Segment Start: The data

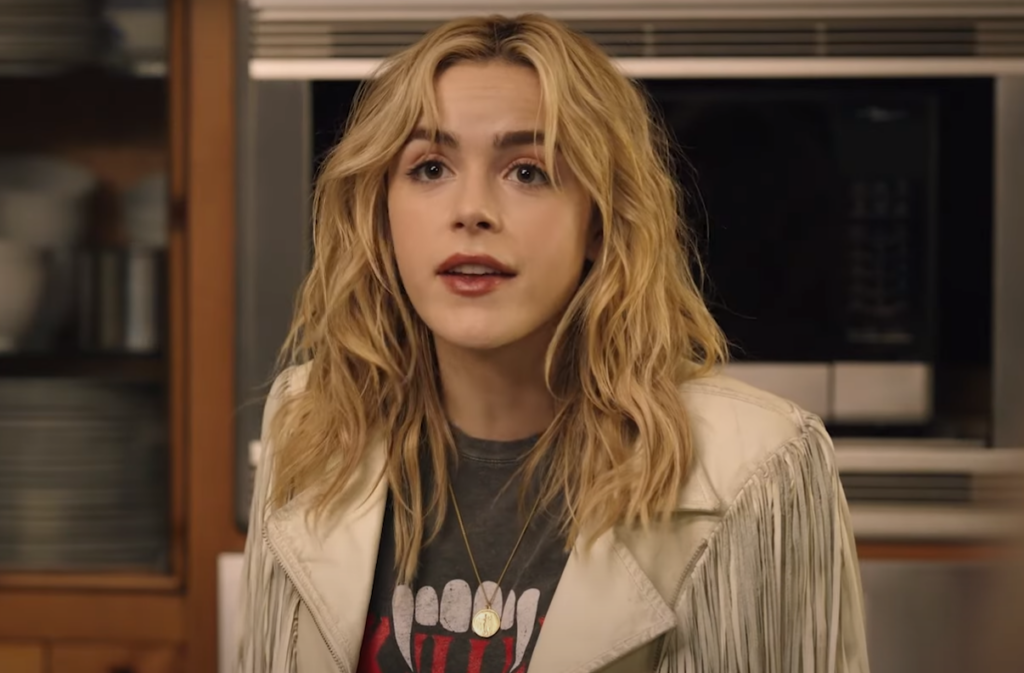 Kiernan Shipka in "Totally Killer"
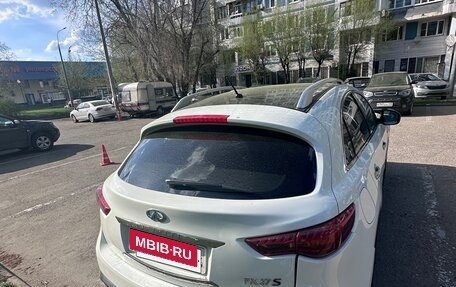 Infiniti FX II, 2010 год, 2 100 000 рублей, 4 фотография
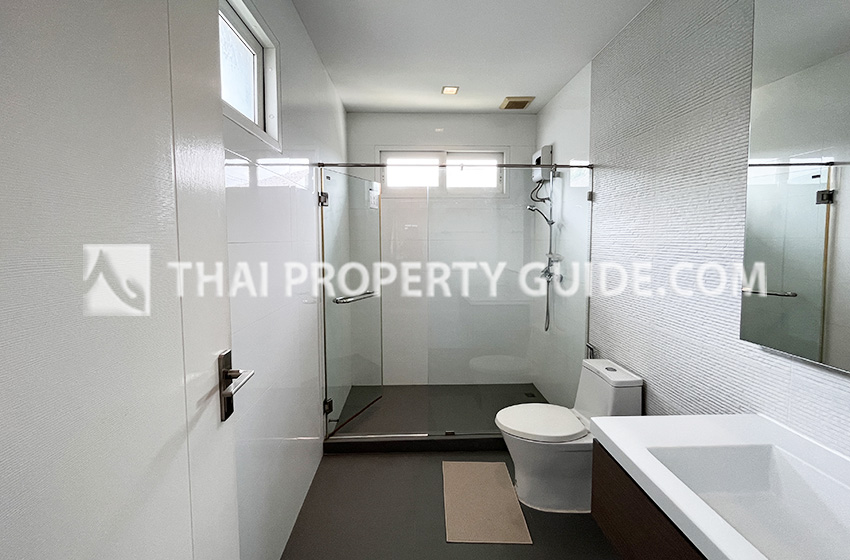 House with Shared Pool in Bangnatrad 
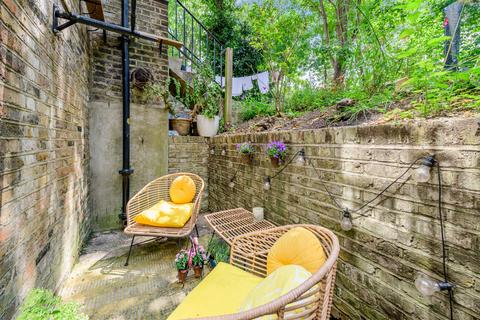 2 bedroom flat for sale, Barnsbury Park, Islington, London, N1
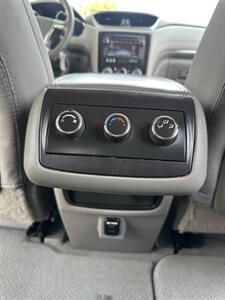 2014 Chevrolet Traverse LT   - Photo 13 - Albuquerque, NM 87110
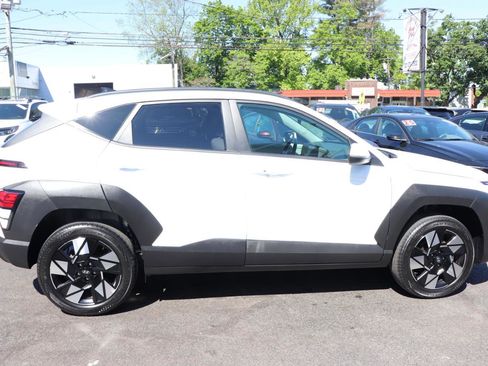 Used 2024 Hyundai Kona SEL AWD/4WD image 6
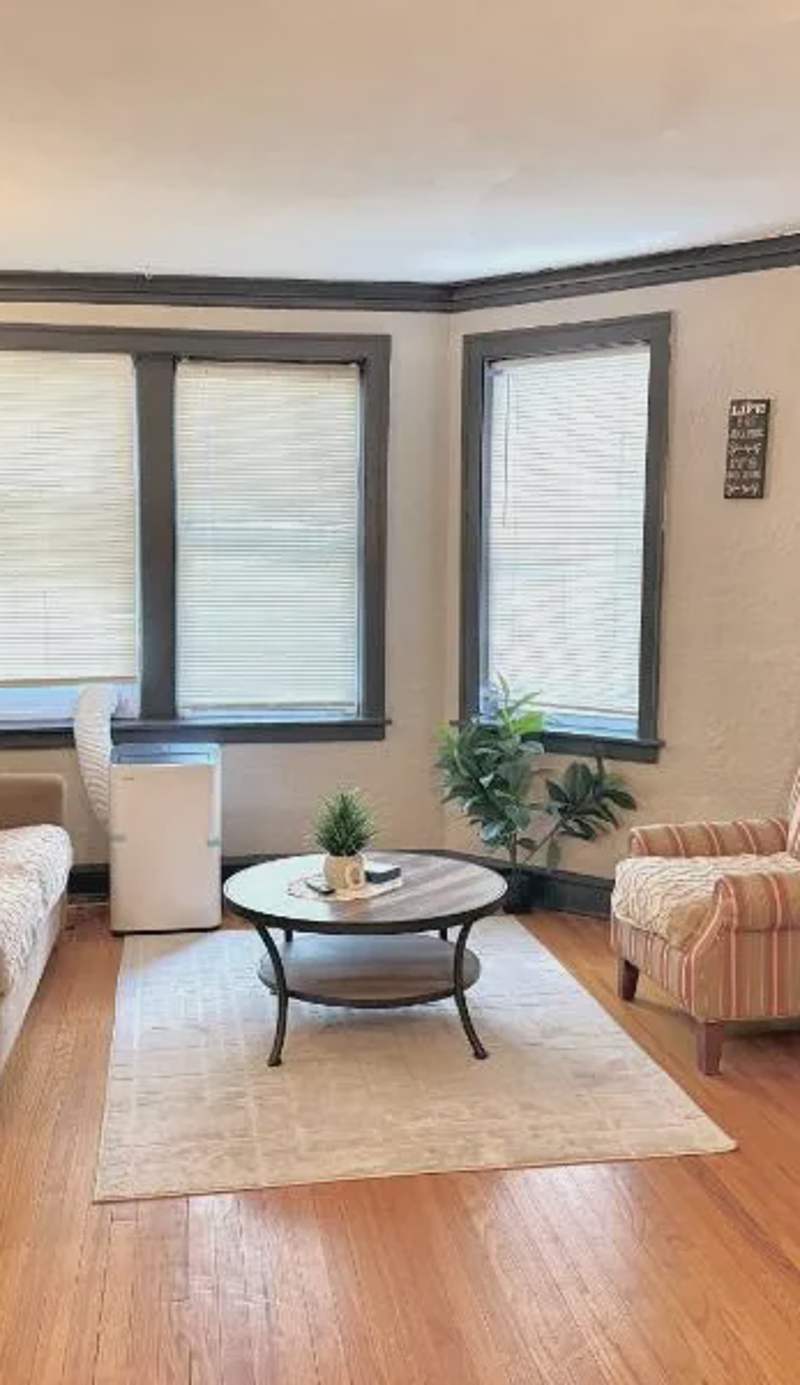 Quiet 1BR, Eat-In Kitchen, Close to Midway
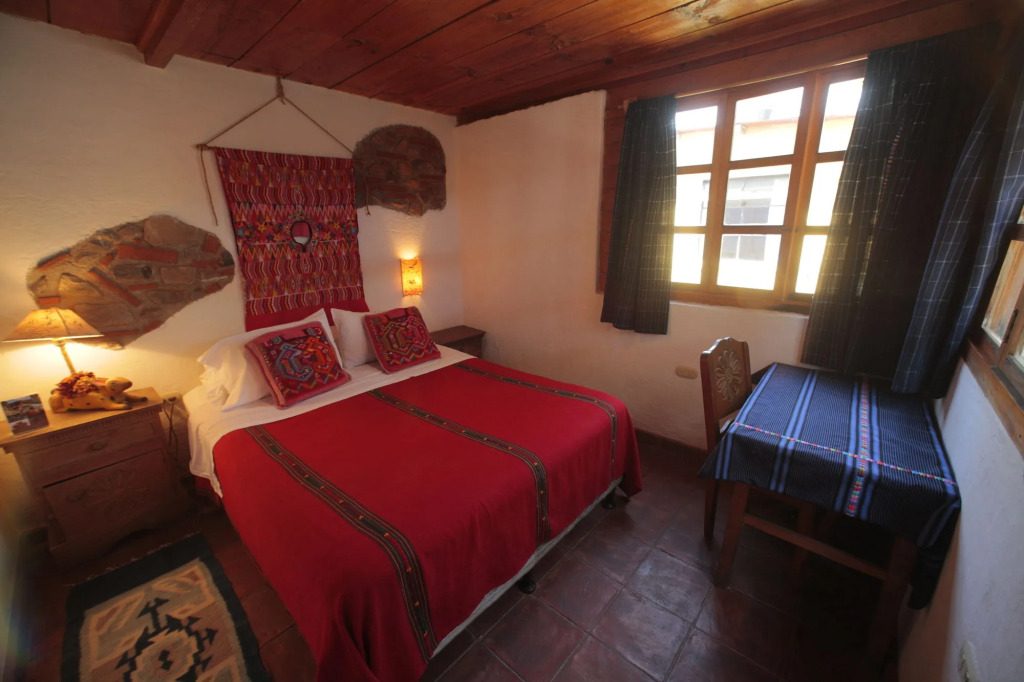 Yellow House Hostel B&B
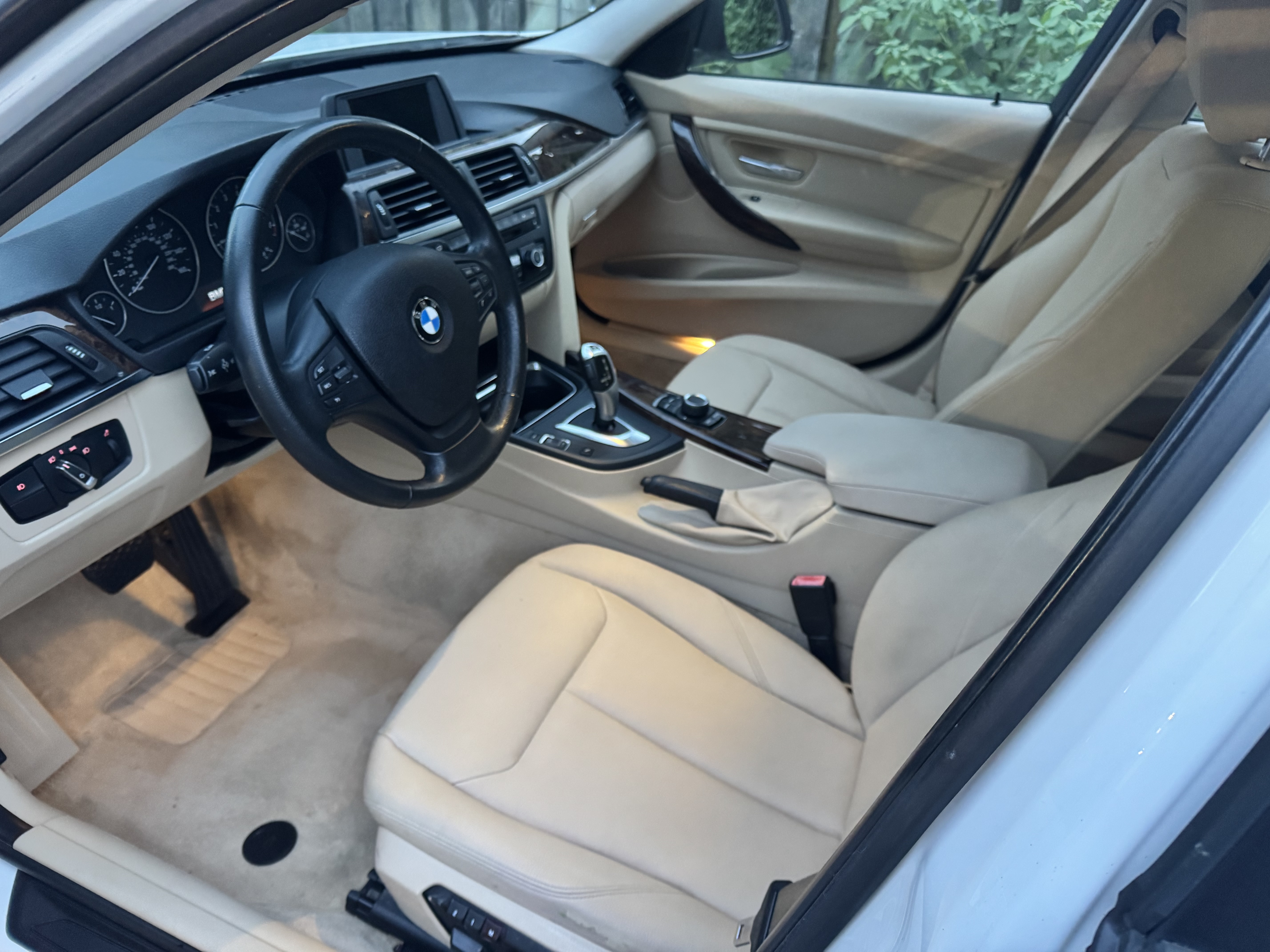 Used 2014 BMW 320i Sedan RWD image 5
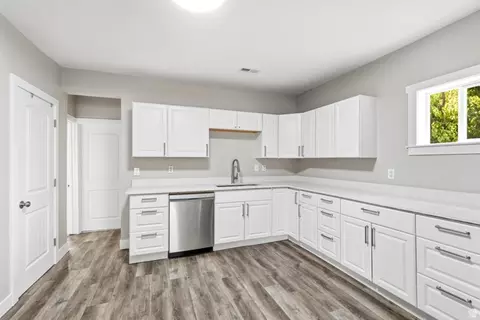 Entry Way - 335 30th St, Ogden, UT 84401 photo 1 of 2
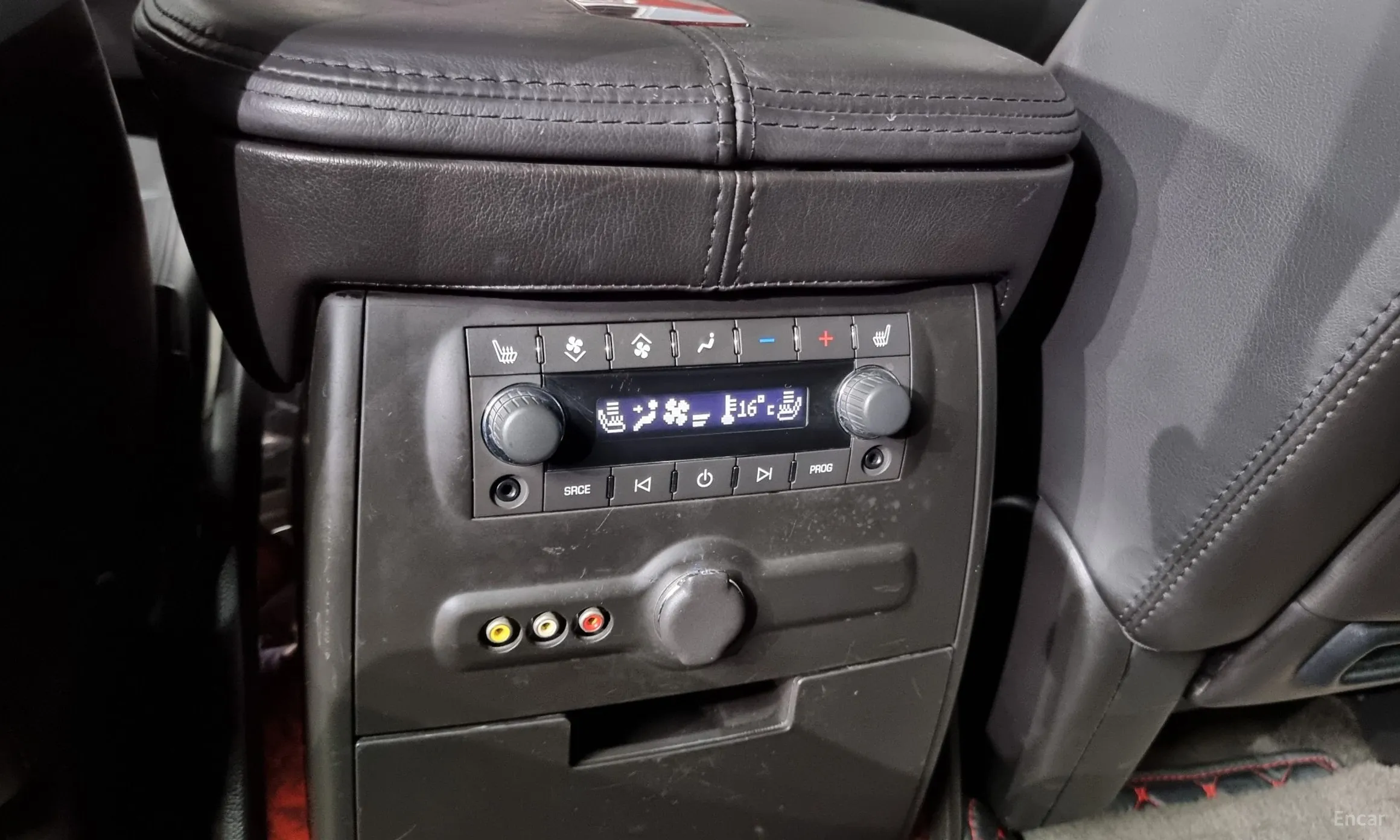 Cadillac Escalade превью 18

Segment End: The data

• Goal of the exercise
Retype the entire listing exactly as it appears, dropping only the pictures.

• Solution for this task
 Kiernan Shipka in "Totally Killer"
 Infiniti FX II, 2010 год, 2 100 000 рублей, 4 фотография
 House with Shared Pool in Bangnatrad 
 2 bedroom flat for sale, Barnsbury Park, Islington, London, N1
 2014 Chevrolet Traverse LT   - Photo 13 - Albuquerque, NM 87110
 Used 2024 Hyundai Kona SEL AWD/4WD image 6
 Quiet 1BR, Eat-In Kitchen, Close to Midway
 Yellow House Hostel B&B
 Used 2014 BMW 320i Sedan RWD image 5
 Entry Way - 335 30th St, Ogden, UT 84401 photo 1 of 2
 Cadillac Escalade превью 18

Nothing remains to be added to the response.